▶ **INPUT DATA**:
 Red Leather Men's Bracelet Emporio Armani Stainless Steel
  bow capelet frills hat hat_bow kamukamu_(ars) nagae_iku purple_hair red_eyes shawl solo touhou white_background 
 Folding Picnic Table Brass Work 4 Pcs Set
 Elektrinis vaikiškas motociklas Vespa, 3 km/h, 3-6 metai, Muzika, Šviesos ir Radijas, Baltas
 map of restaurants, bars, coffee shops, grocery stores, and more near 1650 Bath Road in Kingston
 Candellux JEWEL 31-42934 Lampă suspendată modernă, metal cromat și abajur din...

▶ **TASK TO COMPLETE**:
Return exactly the line that contains "Elektrinis vaikiškas motociklas" and every line after it, through the last line of the records.

▶ **WRITTEN SOLUTION**:
 Elektrinis vaikiškas motociklas Vespa, 3 km/h, 3-6 metai, Muzika, Šviesos ir Radijas, Baltas
 map of restaurants, bars, coffee shops, grocery stores, and more near 1650 Bath Road in Kingston
 Candellux JEWEL 31-42934 Lampă suspendată modernă, metal cromat și abajur din...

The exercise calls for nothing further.